I have a word to describe this kind of behavior: sick.
You need to ask yourself two questions:
1. Did these people become rich solely because they were frugal?
2. Is their current level of frugality sensible, given their net worth?
There’s no doubt in my mind that you will NOT become rich unless you learn how to delay gratification, but that is not the same as NO gratification. If you can afford to spend on a reasonable lifestyle and you choose not to, you MAY be just as ‘sick’ as the person who lives beyond their means and spends uncontrollably.
On the other hand, if you simply have no interest in the ‘trappings’ of life, that’s entirely a different matter … but, one then wonders why you bother with the whole “let’s get rich” thing, anyway?

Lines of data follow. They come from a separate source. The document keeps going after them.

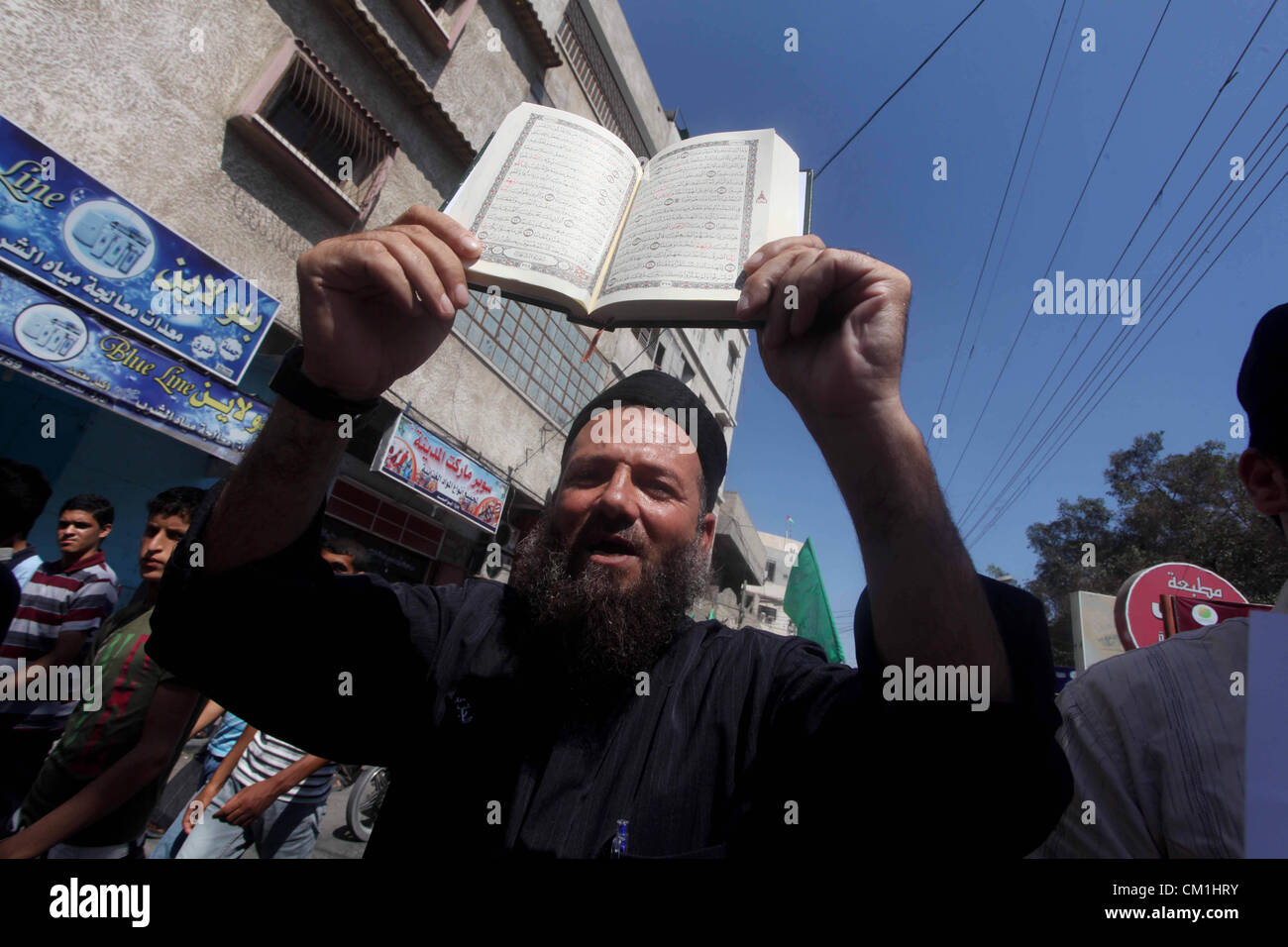 Sept. 14, 2012 - Gaza City, Gaza Strip, Palestinian Territory - A Palestinian man holds the holy Qur'an during a demonstration against the controversial film 'Innocence of Muslims' in Khan Younis southern Gaza strip, on September 14, 2012. The controversial low budget film reportedly made by an Israeli-American which portrays Muslims as immoral and gratuitous, sparked fury in Libya, where four Americans including the ambassador were killed on Tuesday when a mob attacked the US consulate in Benghazi, and has led to protests outside US missions in Morocco, Sudan, Egypt, Tunisia and Yemen  (Credi Stock Photo
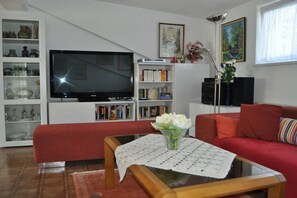 En stue med et fladskærms-tv, en reol, en rød sofa og et sofabord med en vase blomster.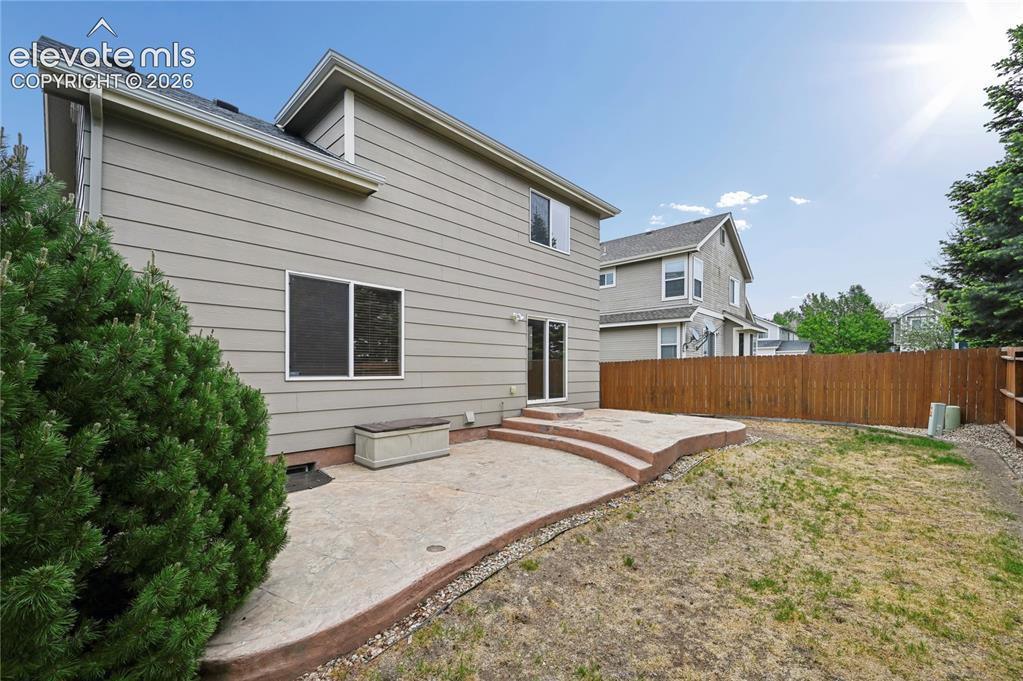 Image 22 of 29: The two-tiered back patio has a natural gas hookup for your grill or smoker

But, here’s what I suspect really happens:
1. Some rich people are so driven by the process of making money that they never know when to stop … some take one step, one chance, one risk too many and lose their money, while others just keep going on and on and on, driving themselves – and, their families – to an early grave. There are exceptions of course: those like Warren Buffett who so enjoy what they are doing that they would be doing it even if they were not paid.
The ‘antidote’ is to work out your Life’s Purpose and if it’s to make money … then go until you drop! If not, pursue the financial path until you have acquired enough money to live your Life’s TRUE Purpose, then stop … and, live!
2. Some learn the lesson early that you need to delay gratification and live frugally if you want to avoid spending all the fruits of your labor (rather than reinvesting in your future) but become so driven by the process of saving money that they never know when to stop …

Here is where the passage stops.